Le sauvage et inacceptable meurtre des deux jeunes femmes scandinaves tuées dans la nuit du 16 au 17 décembre 2018 au-dessus d'Imlil, dans le massif du Toubkal, plus haute montagne d'Afrique du Nord, met au défi le Bureau central d’investigations judiciaires (BCIJ), considéré comme la meilleure police anti-terroriste du monde. Mais celle-ci vient de réagir de manière exemplaire.
Salué par les services spéciaux les plus expérimentés de la planète, le BCIJ marocain avait jusqu'ici réussi à tuer dans l'oeuf des dizaines et des dizaines de tentatives d'actes terroristes.
Cette fois, la sécurité à 100 % n'existant pas, il a été dans l'impossibilité de stopper l'irréparable, comme l'avaient été, début décembre, les forces de l'ordre françaises à Strasbourg, où un terroriste avait assassiné cinq personnes, ou encore comme l'avait été la police britannique, impuissante à contenir les attentats qui ont endeuillé Londres durant l'année.
En un temps record
Le BCIJ a toutefois rapidement retrouvé son extrême efficacité en identifiant et en arrêtant les présumés coupables, en un temps record. Moins de 24 heures après la découverte des corps des malheureuses, en collaboration avec la Gendarmerie royale et de la Sûreté nationale, il mettait la main, à Marrakech, sur l'individu qui semble être l'organisateur de l'opération menée au-dessus du village d'Imlil.
Dans les 72 heures suivant le crime, cette fois sur la base d’information fournies par la Direction générale de la surveillance du territoire (DGST, lors de la fouille d'un autocar à la sortie de la Ville ocre, il arrêtait les trois individus identifiés comme complices, prenant la peine d'arrêter le véhicule hors de la cité, afin d'éviter des dégâts colatéraux. Les quatre individus transportaient avec eux les armes blanches avec lesquelles ils sont fortement soupçonnés d'avoir commis l'horrible crime du Toubkal : trois couteaux de taille moyenne, un couteau pointu.
Puis, les 20 et 21 décembre, soit quatre jours après l'assassinat, des opérations menées dans cinq villes différentes permettaient de mettre neuf autres suspects hors d'état de nuire.
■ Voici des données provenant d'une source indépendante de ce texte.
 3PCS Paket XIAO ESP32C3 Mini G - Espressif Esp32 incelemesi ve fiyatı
Des armes, des gadgets électroniques, ainsi que "des substances suspectes pouvant être utilisées dans la fabrication d'explosifs" ont été trouvées.
Les "ennemis d'Allah"
Les quatre principaux suspects ont été qualifiés de "clochards" par les habitants d'Imlil Leur niveau d'instruction était bas. Provenant de quartiers défavorisés de Marrakech, ils vivaient de petits boulots.
Une vidéo d'une extrême violence diffusée sur Twitter, supprimée depuis, montrait ces quatre hommes, coiffés de calottes, drapeau de Daech en arrière-plan, promettre d'accomplir une action "douloureuse" contre le Maroc". L'un d'eux y prononçait plusieurs fois les mots "ennemis d'Allah" et parlait d'une "revanche pour nos frères à Hajine", localité de Syrie, d'où les terroristes de Daech venaient tout récemment d'être délogés par l'alliance arabo-kurde des Forces démocratiques syriennes (FDS), après avoir subi les frappes de la coalition internationale, dont fait partie le Maroc. Cette liaison avec Hajine prouve combien Internet les a influencés.
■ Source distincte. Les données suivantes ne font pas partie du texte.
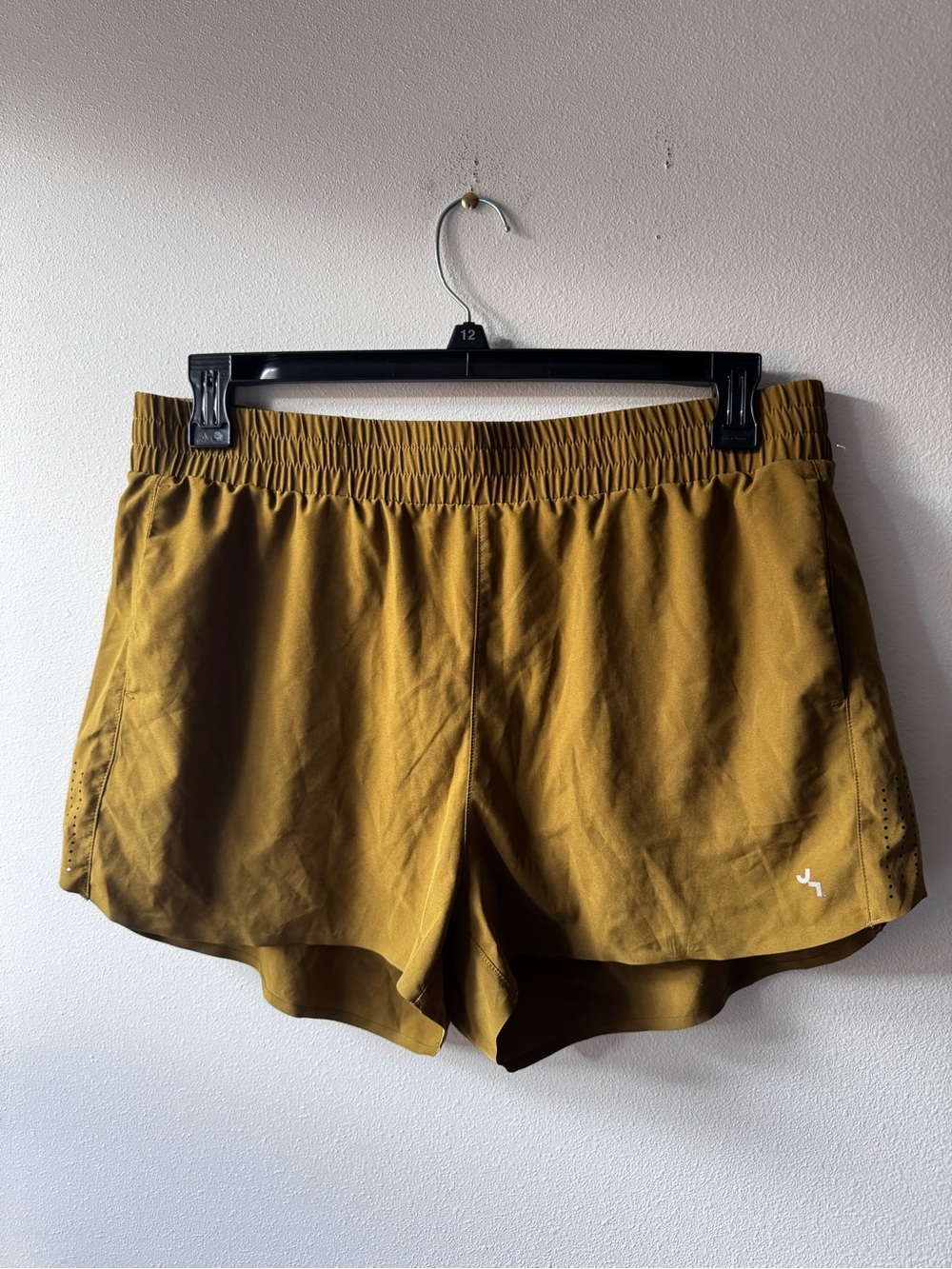 NWOT Joy Lab Women’s Olive Tan Running Shorts - Lightweight Athletic Shorts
L'enquête a déjà établi que les deux innocentes victimes, Louisa Vesterager Jespersen, étudiante danoise de 24 ans, et Maren Ueland, Norvégienne de 28 ans, n'ont pas été suivies de Marrakech par leurs futurs assassins. En revanche, on peut se demander si elles n'ont pas fait preuve d'imprudence en refusant d'être accompagnées d'un guide et surtout en plantant leur tente sur un site isolé, pour la nuit, à deux heures de marche du village d'Imlil, point de départ en direction du sommet du Toubkal. N'aurait-il pas été plus adéquat de s'arrêter dans un site sûr, comme le Refuge du Toubkal, créé en haute altitude par le Club alpin français (photo ci-dessus) ?
Changement de stratégie
Ayant perdu les territoires de son soi-disant "califat", Daech a changé de stratégie, recommandant des opérations individuelles, de moindre envergure, plutôt que des confrontations massives, dont il n'a plus les moyens. Dans ce contexte, la propagande sur Internet joue un rôle décisif.
L'action préventive du Bureau central d’investigations judiciaires demeure capitale. Mais elle n'est plus suffisante. Ainsi que l'explique le sociologue Mohamed Janjar, il convient d'encourager l’esprit critique des Marocains, que leur système éducatif a jusqu'ici méprisé. Un combat urgent et de longue haleine.